Comment faire face à la boulimie d’images sportives ? Le média Analog Football entend réinventer la photographie de sport par l’argentique. Une démarche qui passe aussi par la formation gratuite de jeunes, dont les travaux seront exposés à l’Espace Voltaire du 10 au 20 novembre, lors de la seconde édition de l’Analog Sport Festival.
Léo Cochin et Quentin Eveno grandissent dans la banlieue-sud de Paris. Amis de longue date et tous deux férus de sport et de photographie argentique, ils réalisent un double-constat dès 2018 : « D’une part, nous sommes exposés au quotidien à des photographies de sport assez lisses et journalistiques. Et d’autre part, les sphères de l’art et du sport ne communiquent pas suffisamment. » Ils allient alors leur deux passions au sein du média Analog Football, où ils repartagent des clichés artistiques afin de redonner ses lettres de noblesse au ballon rond. Sur Instagram, les productions de milliers de photographes des quatre coins du globe sont partagées par le compte aux 20 000 abonnés, grâce à son #analogfootball, une véritable communauté de passionnés prend vie.
L’approche du média se veut populaire. Ce sont des matchs locaux, des infrastructures, des supporters ou des acteurs du monde associatif qui sont mis en avant par les artistes partagé·es, plutôt que les habituelles stars du terrain. Mais outre le fond des clichés valorisés, c’est aussi la forme qui surprend : mises en scènes, temps de pose prolongés, tons pastels… Une approche esthétique de la photo de sport, stimulant autant nos émotions qu’elle invite à la réflexion. Léo Cochin prend en exemple Scotty Frenchhh, photographe du LOSC alliant des clichés corporate du club de football lillois à des œuvres argentiques empreintes de romantisme. En parallèle, le média affirme une volonté de faire un pas de côté et de changer de temporalité : « l’argentique, c’est prendre le temps de construire une production visuelle qui soit séduisante au regard plutôt qu’une simple réponse à un besoin d’actualité chaude. » En opposition aux impératifs journalistiques contemporains, Analog Sport espère questionner la « boulimie d’images de sports », mais reste conscient de la réalité du marché de la photographie sportive, rendant impossible une créativité 100% argentique.

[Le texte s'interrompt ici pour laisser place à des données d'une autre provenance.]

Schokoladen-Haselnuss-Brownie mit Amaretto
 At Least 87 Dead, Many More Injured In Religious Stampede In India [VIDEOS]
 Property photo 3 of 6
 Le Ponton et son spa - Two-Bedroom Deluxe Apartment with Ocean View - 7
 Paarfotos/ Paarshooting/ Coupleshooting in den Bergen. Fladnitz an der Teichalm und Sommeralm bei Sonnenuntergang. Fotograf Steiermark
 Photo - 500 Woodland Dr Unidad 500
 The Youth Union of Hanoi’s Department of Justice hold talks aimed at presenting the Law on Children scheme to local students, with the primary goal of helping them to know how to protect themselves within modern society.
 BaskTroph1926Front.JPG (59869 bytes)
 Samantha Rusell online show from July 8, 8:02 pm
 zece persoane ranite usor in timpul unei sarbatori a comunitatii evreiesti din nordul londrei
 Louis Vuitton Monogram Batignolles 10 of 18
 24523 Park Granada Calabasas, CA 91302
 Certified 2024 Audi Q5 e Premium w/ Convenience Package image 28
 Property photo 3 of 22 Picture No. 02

Former les photojournalistes originaux de demain
Suite au succès du média, Analog Football lance en 2020 l’association Analog Sport. L’objectif ? Former gratuitement des jeunes à la photographie sportive. De Paris à Rio de Janeiro en passant par Marseille et Abidjan, les apprentis photographes découvrent le métier au travers d’ateliers collectifs. A la fin de l’année, chaque jeune produit une série individuelle en lien avec le sport. Des images exposées à partir du 10 novembre à l’occasion de la deuxième édition de l’Analog Sport Festival à l’Espace Voltaire de Paris : « Le festival nous permet d’apprécier, physiquement, les réalisations photo de l’année. C’est aussi l’occasion d’organiser des temps de rencontre entre des professionnels gravitant autour du projet et les jeunes photographes », précise Léo Cochin.
Parmi les douze photographes exposé.es à l’Espace Voltaire, Marwan El-Fakharany, franco-egypto-marocain, est membre de la promotion 2022. Le jeune homme présente un travail mettant en scène l’un de ses amis vêtu d’une djellaba pourpre floquée Mbappé, déambulant dans le château de Versailles – décalé, sans être provocateur ou grossier. Léo Cochin se félicite de la richesse des propositions issues de son programme : « C’est propre à la magie d’une génération qui est exposée à de très nombreuses influences culturelles et qui côtoie beaucoup de domaines. »
Si certain·es des jeunes participant·es d’Analog Sport souhaitent simplement s’initier à la photographie, d’autres espèrent se professionnaliser : « malgré les avertissements que nous leur faisons remonter sur la précarité et les difficultés du métier, c’est notre mission de remuer ciel et terre pour rendre visible leur talent », explique Léo Cochin. A l’approche des JO 2024, l’association espère même lancer des carrières en plaçant des jeunes issu·es des Villes Terres de Jeux parmi les photojournalistes accrédité·es : « On sait que ce ne sera pas évident car le monde entier sera en concurrence, mais on ne lâchera rien. La balle est dans le camp de Paris 2024 », conclut-il.